I would love to see some examples of backgrounds used for Tegus as inspiration to my own work. Those backgrounds are very common here but Tegus are rare... 

I think these things makes the enclosure much more interesting to look at. And some people can really make them beautiful. If you are going to have a huge enclosure at home you might as well something decorative out of it. 

I will post some examples of varying quality so you know what I'm talking about.

http://www.repti.net/reptile_picture/Vivarium_80957.jpg
http://www.repti.net/reptile_picture/Vivarium_80529.jpg
http://www.repti.net/reptile_picture/Vivarium_80378.jpg
http://www.repti.net/reptile_picture/Vivarium_78760.jpg
http://www.zoonen.com/res/forum/2621249/100_2498.jpg


----------



## Toby_H (Feb 16, 2010)

I'm a huge fan of "fake but natural looking" backgrounds... I've made several for aquariums and terrariums.

For most of mine I carve styrofoam and coat it with tinted Drylock. Here are pictures of a frog tank with extensive background work I just finished.







Styrofoam coated with Drylock or other concrete like products will not be solid enough to stand up to a Tegu's claws. I've considered making something similar out of wood, but the weight it would add to the tank has discouraged the idea. Plastic backgrounds are an option but I don't have the means to make one and I am too cheap to pay the retail prices that would come with one large enough for a Tegu enclosure...

I have also considered making a Drylock painted wooden background that clips in place. This way I can remove it when the cage is being moved/carried.


But as you mentioned, the Tegu won't really make use of the background so it's sole purpose will be enhanced appearance. I'm just not sure if it will be worth the cost & effort for the minor visual improvement.


----------



## isdrake (Feb 17, 2010)

Nice background. 

I'm planning on building a background out off styrofoam, polyutheranresin and fiber glass. I wounder how many layers of fiber I would need...

I know it's expensive but since the enclosure are a large portion of our apartment now I want it to look good. It takes up half the living room. Other than that we only got a small bedroom and a small kitchen.

I'm thinking of making it pretty flat with no shelfs that the Tegus can climb. And I want to make holes in it (out of their reach) that I can put plants in.


----------



## Toby_H (Feb 17, 2010)

I've worked with FIberglass and Fiberglass Resin twice. My goal in life is to never work with it again. The Resin's working form is pretty thin and drips and oozes very easily. It is horribly sticky and is almost impossible to get off of any surface it gets on. After workign with it twice I have very litle advice to offer other than avoid using it. If you choose to anyway make sure to have every step planned out in advance especially the cleaning process.

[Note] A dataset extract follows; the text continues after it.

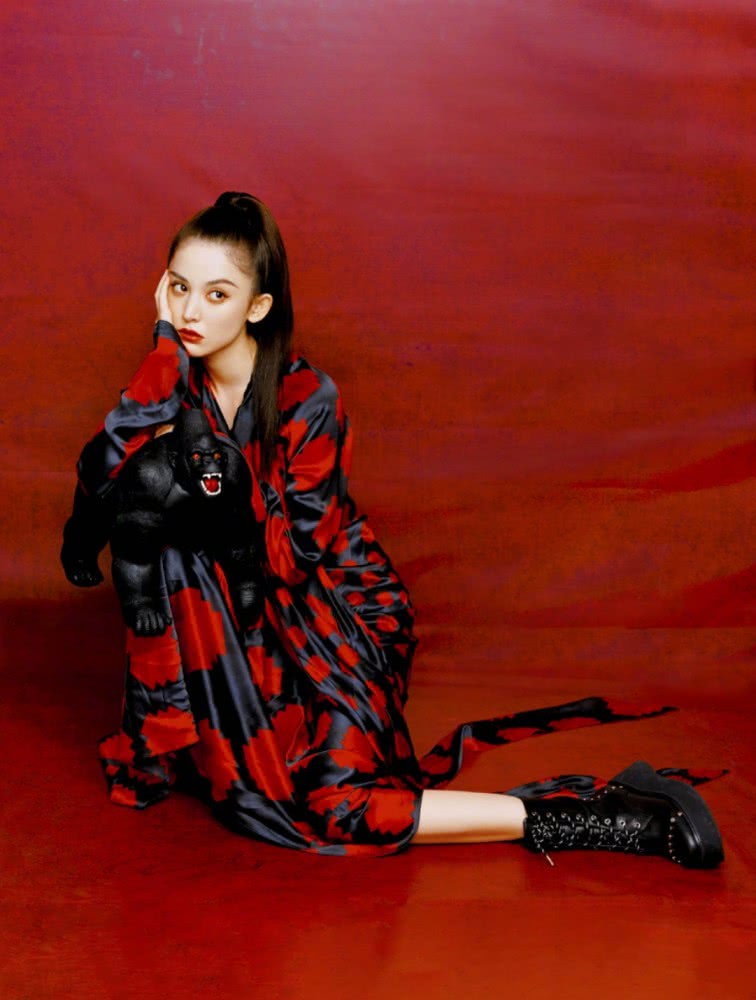 美女娜扎登时尚杂志,复古高马尾+高饱和色调,又纯又欲太精致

Ive done quite a few projects with styrofoam. The dense stuff (consistent foam) is much nicer to work with in comparison to the lighter stuff (balls adhered together). It cuts smoother and easier and makes much less of a mess. It also holds it's form much better simply because it is denser. The dense stuff will be a much better base when considering both the weight and claws of a Tegu.

I have not ever worked with Polyurethane Foam or Polyurethane Resin so I turned to Google for a quick education.

The Polyurethane Foam looked very interesting and seems to be a little denser than foam sheets. Then I saw the price tag on it and gasped in shock. While it does seem like a very interesting and worthwhile material, I think you could use styrofoam sheets to make an equally applicable base for a fraction the price.

The Polyurethane Resin was also pricey, but offers an advantage I don't know an easier or better way to replicate. It goes on as a liquid and dries into an inert plastic. After reading a couple of descriptions it seems like it could practically be applied to prevent a Tegu's claws from penetrating it. To minimize the cost you could coat the tops of "rocks" with a thicker layer than the bottoms, since they will be more prone to having claws dug into them. This Resin is paintable, although I would try adding tint to the liquid mix to color it. I would assume concrete tint would work, although naturally I would try it on a small sample first.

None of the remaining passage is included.